Sunday 12 October 2008

Dave & the sound of the crowd

Another curious week for the main party leaders: The Brow-Furrowed Son of the Manse (who has appeared relatively gay at times over these terrible last seven days); and the man whom most young Tory PPCs think of as Jesus but to whom Simon Heffer near-religiously and sneeringly refers to as 'Dave'.
Cameron has capped it by going on Adam Boulton's Sky show and saying: yes, he would support the government taking a majority shareholding in RBS; yes, Brown did ‘the right thing in announcing the pan to recapitalize the banking system’; and yes, he accepted that accordingly ‘borrowing is gong to increase.’ He further declared that ‘it would be completely wrong for senior executives in those banks to get a bonus this year’ and, when asked about whether some ought to get the sack, remarked that he ‘would be very surprised if they all kept their jobs.’
So another robustly bipartisan show from DC, the stuff about bankers very much contra to Boris Johnson’s would-be stirring statements at Tory party conference the other week; and the stuff about state intervention in banks clearly not the message George Osborne would have liked to convey at conference either, at least before the initial collapse of the US bail-out caught that conference squarely on the hop.

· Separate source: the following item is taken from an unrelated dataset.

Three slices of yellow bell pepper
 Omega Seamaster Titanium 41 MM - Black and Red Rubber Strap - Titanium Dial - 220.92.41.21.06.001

It looks like in the main the Tories are going to sit this ruckus out politely, trust that in other respects Cameron’s strident efforts to make the party look a little more clean-limbed and cuddly will be judged effective, and that in the long run the electorate will end up blaming the Government for The Crisis. John Rentoul in today’s Independent certainly thinks they surely will: ‘We can argue about whether they are half-right or half-wrong to blame Brown for the economic difficulties that now loom before us, but there is no doubting what the majority opinion is. I expect that the Tories' focus groups reflect the views of the members of the public buttonholed by TV cameras on the street last week: they blame the Government and are especially furious that they, as taxpayers, should be asked to bail out the greedy bankers who were allowed to break the economy.’